What is needed
Every entry below must appear again, exactly as written.

Entries supplied
- - - - -

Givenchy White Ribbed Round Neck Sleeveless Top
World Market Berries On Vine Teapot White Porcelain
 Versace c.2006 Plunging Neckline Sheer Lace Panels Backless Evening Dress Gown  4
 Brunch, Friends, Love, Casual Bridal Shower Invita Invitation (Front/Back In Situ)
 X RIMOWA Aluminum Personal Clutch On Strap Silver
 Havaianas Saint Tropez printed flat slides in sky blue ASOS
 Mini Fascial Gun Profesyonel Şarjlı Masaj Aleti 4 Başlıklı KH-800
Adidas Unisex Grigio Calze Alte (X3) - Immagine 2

- - - - -

Solution to this task
Givenchy White Ribbed Round Neck Sleeveless Top
World Market Berries On Vine Teapot White Porcelain
 Versace c.2006 Plunging Neckline Sheer Lace Panels Backless Evening Dress Gown  4
 Brunch, Friends, Love, Casual Bridal Shower Invita Invitation (Front/Back In Situ)
 X RIMOWA Aluminum Personal Clutch On Strap Silver
 Havaianas Saint Tropez printed flat slides in sky blue ASOS
 Mini Fascial Gun Profesyonel Şarjlı Masaj Aleti 4 Başlıklı KH-800
Adidas Unisex Grigio Calze Alte (X3) - Immagine 2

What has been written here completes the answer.